However, they had powerful aggressive neighbors in the Campbells who constantly harried them, forcing them to retire deeper into their lands around Glen Strae.  By the late 16th century there was a renegade band of McGregors left known in Gaelic as the Children of the Mist.

In 1588 these MacGregors were involved in the killing of John Drummond, the king's forester, after he had hung some MacGregors for poaching.  Then in 1603, after the Colquhoun clan had been granted a royal commission to suppress the MacGregors, Alasdair MacGregor of Glen Strae led four hundred of his men to Glen Fruin near Loch Lomond where they slew many Colquhouns.


“Some say the MacGregors were rustlers and thieves.  Whether there was any truth in this or whether circumstances forced this upon them or whether it was all a smear campaign to undermine their reputation is open to question.  But they certainly paid the price.”

Banning of the Name
  In retaliation King James VI of Scotland abolished the name of MacGregor.  All who bore the name must renounce it or die.  The next year
Alasdair MacGregor and eleven of his men were captured and hung outside St. Giles kirk in Edinburgh by the tollbooth.  Anyone answering to the name was executed on the spot, with women and children sold into slavery in the American states. 

Amelia MacGregor’s 1898 book The History of the Clan Gregor covered this clan history until 1625.

The ban on the MacGregor name remained in effect until 1774.  During this time the
surviving MacGregors continued in two groups. The first were those who legally changed their name to satisfy the law, although they may not have changed their heart or blood. The other group were those who took to the Highlands and continued to use their Gregor names in defiance.

Rob Roy, who was forced to use his mother's maiden name of Campbell due to the proscription of the MacGregor name, was a younger son of the MacGregor of Glengyle (which lay by Loch Katrine in Stirling).
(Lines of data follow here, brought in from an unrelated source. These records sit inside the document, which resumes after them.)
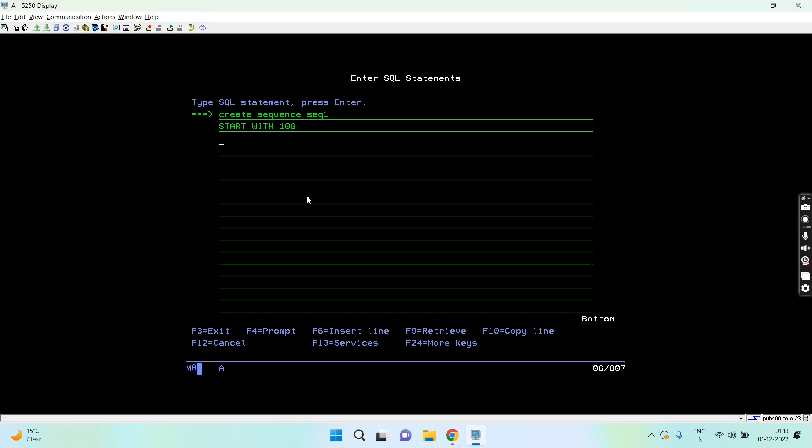Then increment by. I can set increment by a numeric value. I can also create a sequence of any type by setting a data type like integer, small int, big int, or decimal. When it's decimal, the decimal point must be up to zero.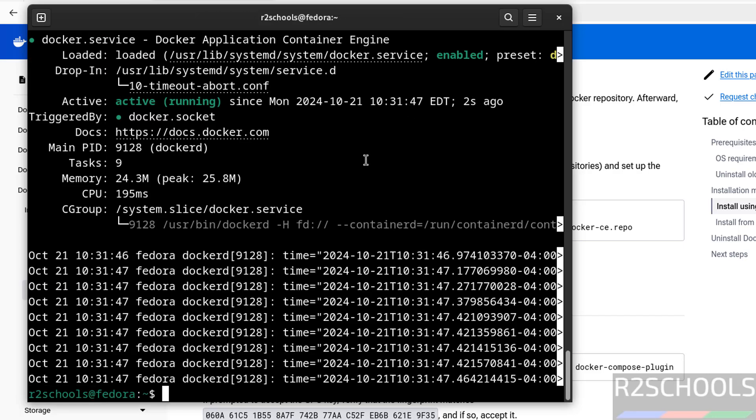So in this video we have seen how to install and configure docker on Fedora Linux operating system. For more Docker or DevOps videos, please subscribe my channel, thank you.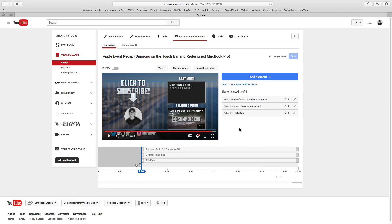It was just released out of beta — I'm not sure if it's still in beta — but I just got access to it and I'm not sure if every channel does, but I figured I'd give you guys a little walkthrough. So let's jump over to Photoshop, which is the first thing that I use when creating an outro.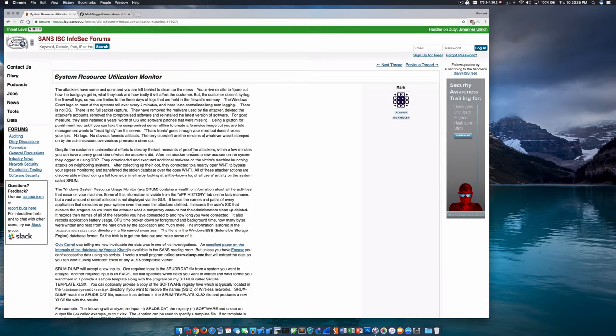Hello and welcome back. We're going to continue with a series of Windows Forensics videos and cover another important artifact called the System Resource Utilization Monitor, S-R-U-M or SRUM for short.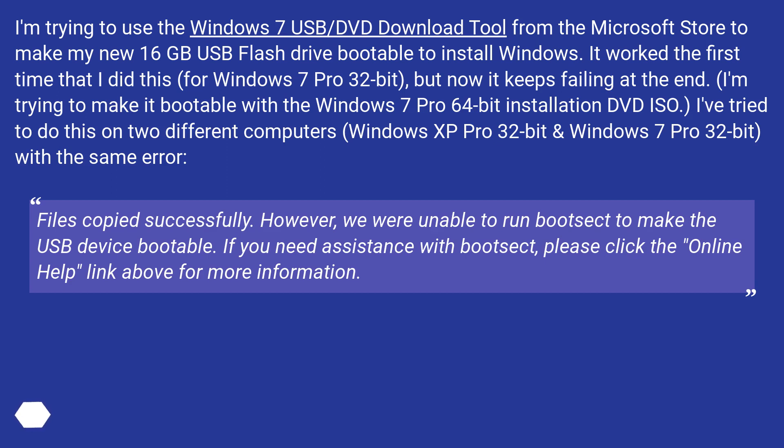Files copied successfully. However, we were unable to run Bootsect to make the USB device bootable. If you need assistance with Bootsect, please click the online help link above for more information.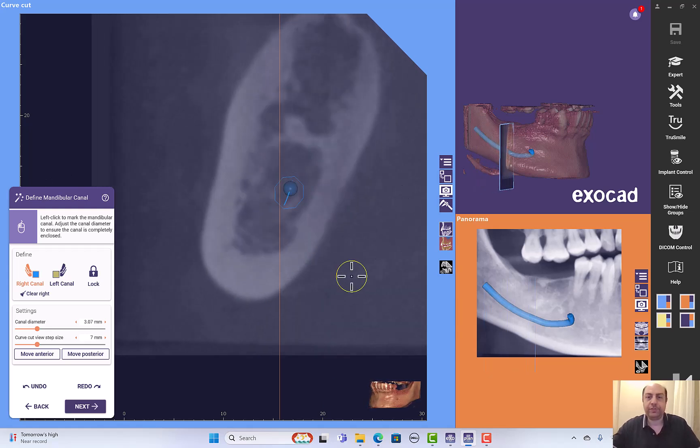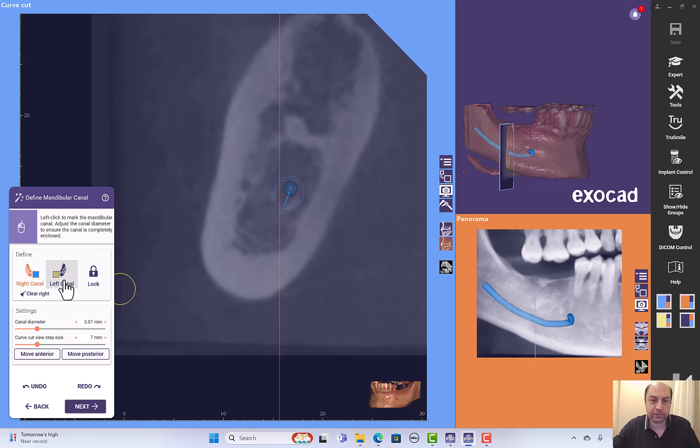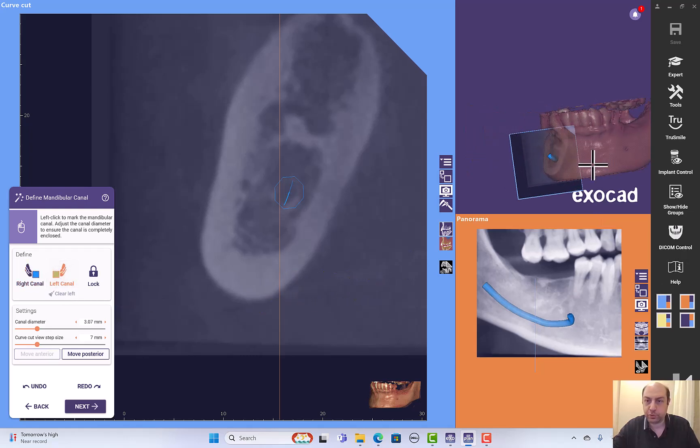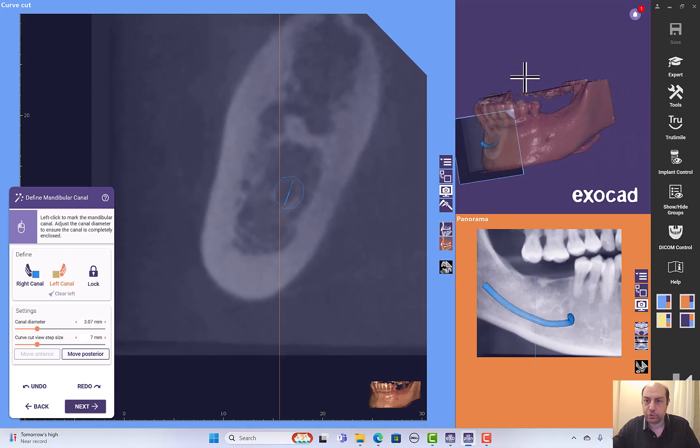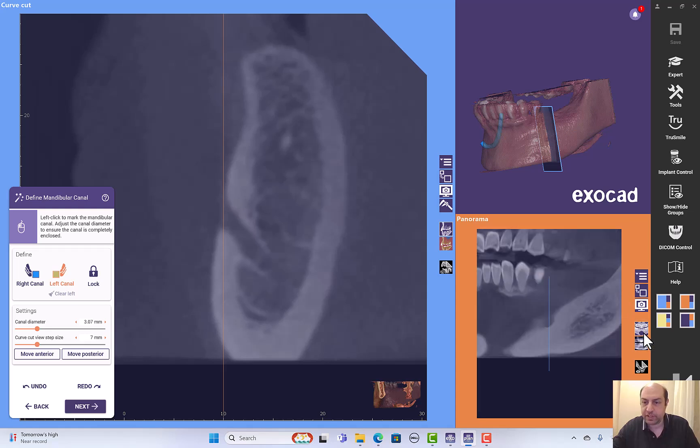Now we can switch to the left nerve. If you want to do the tracing on the panorama it's okay, but I prefer always to use the cross section. Let's do the left nerve. Let me show you how to do it on the panorama. First of all, we have to go to the other mental foramen and we make a small slice thickness of the panorama here and we can maximize.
Rob Roy took part in the first Jacobite Uprising in 1715. Afterwards his raids on Lowland farms and his prowess with the sword earned him a reputation which was considerably enhanced by Sir Walter Scott's romantic tales.  He was buried in Balquhidder churchyard.

Restoration of the Name
. 
To restore some pride in the clan, it was felt that a clan chief needed to be re-established.  A petition signed by 826 MacGregors declared that General John Murray of Lanrick in Stirling should be the true chief.  Murray was in fact a MacGregor descended from Duncan MacGregor of Ardchoille who had died in 1552.  His son Sir Evan MacGregor played a ceremonial role in the visit of King George IV to Scotland in 1822.

England.  Some MacGregors made it to England, such as Alexander MacGregor from Thorn Hill in Perthshire:

"It was said that four brothers, the sons of John McGregor of Thorn Hill, came to New York in 1781 or thereabouts.  Three of these brothers – James, William, and John – remained; while Alexander returned across the ocean and settled in Liverpool."

Alexander prospered as a merchant and banker in Liverpool.   In 1826 he was appointed as an agent for the Bank of England to open its Manchester branch, its first outside London.  One son James became an English MP, another son Walter Fergus owned a thriving iron foundry in Liverpool. His son the Rev. William MacGregor was a generous benefactor of the town of Tamworth in Staffordshire and a famous amateur Egyptologist.


America. 
McGregors are not numerous in America.  The numbers today are in fact less than those in Canada or Australia.  The proscription of the McGregor name in Scotland during the 17th and 18th centuries may have had something to do with it.  For instance, William MacGregor, caught up in the failed 1715 Jacobite Uprising, came to America and Perth Amboy, New Jersey as William Skinner soon after.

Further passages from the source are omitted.